Use long-range and high-precision data sets to achieve 3D object detection for perception, mapping, and localization algorithms.
A point cloud is a data set of points in a coordinate system. Points contain a wealth of information, including three-dimensional coordinates X, Y, Z; color; classification value; intensity value; and time. Point clouds mostly come from lidars that are commonly used in various NVIDIA Jetson use cases, such as autonomous machines, perception modules, and 3D modeling.
One of the key applications is to leverage long-range and high-precision data sets to achieve 3D object detection for perception, mapping, and localization algorithms.
PointPillars is one the most common models used for point cloud inference. This post discusses an NVIDIA CUDA-accelerated PointPillars model for Jetson developers. Download the CUDA-PointPillars model today.
What is CUDA-Pointpillars
In this post, we introduce CUDA-Pointpillars, which can detect objects in point clouds. The process is as follows:
- Base preprocessing: Generates pillars.
- Preprocessing: Generates BEV feature maps (10 channels).
- ONNX model for TensorRT: An ONNX mode that can be implemented by TensorRT.
- Post-processing: Generates bounding boxes by parsing the output of the TensorRT engine.
Base preprocessing
The base preprocessing step converts point clouds into base feature maps. It provides the following components:
- Base feature maps
- Pillar coordinates: Coordinates of each pillar.

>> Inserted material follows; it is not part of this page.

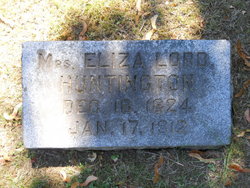 Mrs Eliza Bartlett <I>Lord</I> Huntington 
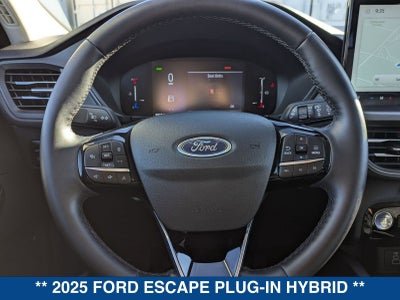 2025 Ford Escape PHEV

- Parameters: Number of pillars.
Preprocessing
The preprocessing step converts the basic feature maps (four channels) into BEV feature maps (10 channels).
ONNX model for TensorRT
The native point pillars from OpenPCDet were modified for the following reasons:
- Too many small operations, with low memory bandwidth.
- Some operations, like NonZero, are not supported by TensorRT.
- Some operations, like ScatterND, have low performance.
- They use “dict” as input and output, which cannot export ONNX files.
To export ONNX from native OpenPCDet, we modified the model (Figure 4).
You can divide the whole ONNX file into the following parts:
- Inputs: BEV feature maps, pillar coordinates, parameters. These are all generated in preprocessing.
- Outputs: Class, Box, Dir_class. These are parsed by post-processing to generate a bounding box.
- ScatterBEV: Converts point pillars (1D) into a 2D image, which can work as a plug-in for TensorRT.
- Others: Supported by TensorRT. [OTHER WHAT?]
Post-processing
The post-processing parses the output of the TensorRT engine (class
, box
, and dir_class
) and output-bounding boxes. Figure 6 shows example parameters.
Using CUDA-PointPillars
To use CUDA-PointPillars, provide the ONNX mode file and data buffer for the point clouds:
std::vector nms_pred; PointPillar pointpillar(ONNXModel_File, cuda_stream); pointpillar.doinfer(points_data, points_count, nms_pred);
Converting a native model trained by OpenPCDet into an ONNX file for CUDA-Pointpillars
In our project, we provide a Python script that can convert a native model trained by OpenPCDet into am ONNX file for CUDA-Pointpillars. Find the exporter.py
script in the /tool
directory of CUDA-Pointpillars.
To get a pointpillar.onnx file in the current directory, run the following command:
$ python exporter.py --ckpt ./*.pth
Performance
The table shows the test environment and performance. Before the test, boost CPU and GPU.
Jetson | Xavier NVIDIA AGX 8GB |
Release | NVIDIA JetPack 4.5 |
CUDA | 10.2 |
TensorRT | 7.1.3 |
Infer Time | 33 ms |
Get started with CUDA-PointPillars
In this post, we showed you what CUDA-PointPillars is and how to use it to detect objects in point clouds.
Because native OpenPCDet cannot export ONNX and has too many small operations with low performance for TensorRT, we developed CUDA-PointPillars. This application can export native models trained by OpenPCDet to a special ONNX model and inference the ONNX model by TensorRT.